Once you decide the information is no longer valid in near future, signal this state by entering the deprecated state. If it is no longer valid, the document finally arrived in the end state removed.
Please notice that the first three states define a stage within the process the document is in, while the other states actually define a state the document has already achieved.
The first four stages are based on Use Cases: Requirements in Context (Daryl Kulak, Eamonn Guiney). The authors defines those stages to iteratively develop use cases. But we think those stages also help to create documents of any type.
The values for the iteration property are predefined by the Iteration Macro. If these iteration stages do not satisfy your requirements, you may add an iteration type doctype and reference these with a Name List Macro. The drawback of this approach is that the valid values are not listed in a dropdown, but you can define the stages you want to use.
While Subject, Categories, and Tags are typically supported by all doctypes, the Type property refers to a document type specific type. Therefore there is typically a specific doctype type for that type (like the Role Type), while the documents for subjects, categories, and tags are shared by all doctypes.
Example Type on Role Doctype
There is a Role Type that allows to group roles by their type.

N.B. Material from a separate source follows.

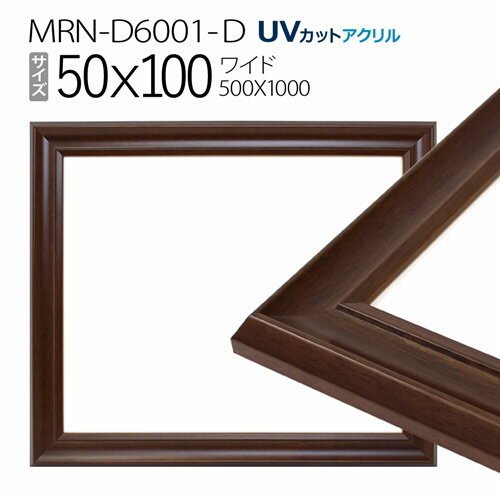 ۱MRN-D6001-D 50100(5001000mm) 磻 ե졼ࡡ֥饦UVåȥ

There may be administrator roles and user roles. The type
Administrator and the type
User will not be shared with any other document types.
Do not be confused that there is a Tag Type to group tags. You can also tag documents of doctype Tag with the Tags property. The Type property of a tag document will point to a document of type Tag Type.
The sponsors property allow to specify which stakeholders take interest in creating and optionally maintaining a particular document.
This information is not relevant for every type of document. There is typically no need to specify which stakeholder is interested in the description of a user's role or a given category. But for topics, architecture decisions, or volumes (e.g. the arc42 Template) it helps to define the audience who is willing to provide resources.
The sort key is the primary tool for sorting documents displayed in a list or on a table. Usually the documents are sorted by name, but sometimes you want to impose a semantic order on the documents. For instance you have a collection of documents that introduce a reader into a given topic. The order of the documents is typically not the lexicographical order imposed by the name.
For further information please refer to Using Sort Keys.
Special Document Properties
List of properties valid on document level.
- Controls the start number of the first heading on a page.